De zin van wat God doet
1 Wie heeft wijsheid? Wie kent de verklaring van de dingen? De wijsheid straalt een mens van het gezicht en verandert strenge ogen in een milde blik.
2 Ik geef je deze raad: Volg de bevelen van de koning op, zoals je hebt gezworen tegenover God. 3 Onttrek je niet aan zijn gezag, voorkom problemen. De koning doet wat hem behaagt, 4 zijn woord is wet. Is er iemand die hem rekenschap kan vragen van zijn daden? 5 Een wijs mens leeft zijn geboden na en heeft geen kwaad te duchten. Ook doet hij alles op de juiste tijd, want hij weet: 6 voor alles wat gebeurt is er een juiste tijd. Een zware last is dat, voor ieder mens. Het is een kwade zaak, 7 want niemand weet wat komen zal en hoe het later wordt. Wie kan daar iets over zeggen? 8 Niemand heeft macht over zijn adem, geen mens kan tegenhouden dat zijn adem vergaat. Niemand heeft macht over de dag waarop hij sterft, geen mens ontvlucht het slagveld van de dood. En ook het kwaad – het zal zijn dienaren niet redden. 9 Dit alles heb ik vastgesteld gedurende de tijd dat ik aandachtig keek naar alles wat gebeurt onder de zon, en zag dat een mens zijn macht misbruikt om een ander kwaad te doen.
Happy jump by girl in nature
10 Ik heb ook gezien hoe zondaars naar het graf werden gedragen. Op de heilige plaats werden ze in het graf gelegd en ze verlieten onder eerbetoon het leven. Maar de rechtvaardigen werden vergeten in de stad. Ook dat is enkel leegte. 11 Omdat een slechte daad niet snel bestraft wordt, is een mensenhart maar al te snel tot het kwaad geneigd. 12 Een zondaar kan wel honderdmaal kwaad doen en toch vele jaren leven. Natuurlijk weet ook ik: het zal een mens die ontzag voor God heeft goed vergaan – want hij heeft toch ontzag voor God? 13 Een zondaar daarentegen zal het slecht vergaan: de schaduw van zijn levensdagen zal niet lengen – want hij heeft toch geen ontzag voor God? 14 Maar is het hier op aarde niet een grote leegte dat rechtvaardigen ten deel valt wat zondaars verdienen, en zondaars wat rechtvaardigen verdienen? Ook dat – zeg ik – is leegte. 15 Daarom prijs ik de vreugde, want er is onder de zon niets beters voor de mens dan dat hij zich aan eten en drinken tegoed doet en geniet. De vreugde is zijn metgezel wanneer hij zwoegt op elke levensdag onder de zon die God hem heeft gegeven.

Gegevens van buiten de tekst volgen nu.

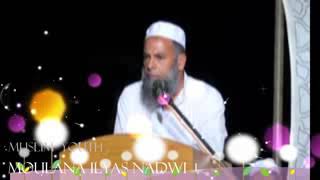 Bachcho Ki Tarbiat  Muslim Youth  Moulana Ilyas Nadwi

16 Ik zocht met heel mijn hart naar wijsheid. Alles wat de mens op aarde onderneemt, wilde ik doorgronden. Nooit geeft hij zijn ogen rust, dag noch nacht, 17 maar de mens is niet in staat, zo heb ik ingezien, de zin te vinden van alles wat God doet onder de zon. Hij tobt zich af en zoekt ernaar, maar hij vindt hem niet, en al zegt de wijze dat hij inzicht heeft, ook hij is niet in staat de zin ervan te vinden.
Prediker 8:15
Maar liefst zeven keer prijst Prediker de vreugde (simcha) aan (Pred. 2:24-26; Pred. 3:12-13; Pred. 5:17-19; Pred. 7:14; Pred. 8:15; Pred. 9:7-10; Pred. 11:7-10). In de joodse traditie wordt zijn geschrift dan ook gelezen tijdens het Loofhuttenfeest, het seizoen van de vreugde. Deze dringende oproep heeft zijn wortels in de Tora, waar de levensvreugde ook wordt geroemd (Deut. 26:11) en een vreugdeloos leven wordt vervloekt (Deut. 28:47). Vandaar dat Prediker een dringende oproep doet om vreugde en genoegen te beleven op het moment dat je daarvoor de kans krijgt (Pred. 11:9). En het is verdrietig als mensen geloof en kerk vaarwel zeggen omdat ze daarin geen vreugde ervoeren. Volgens Prediker is de oproep om van het leven te genieten juist een wijze les in de geloofsopvoeding voor wie jong is.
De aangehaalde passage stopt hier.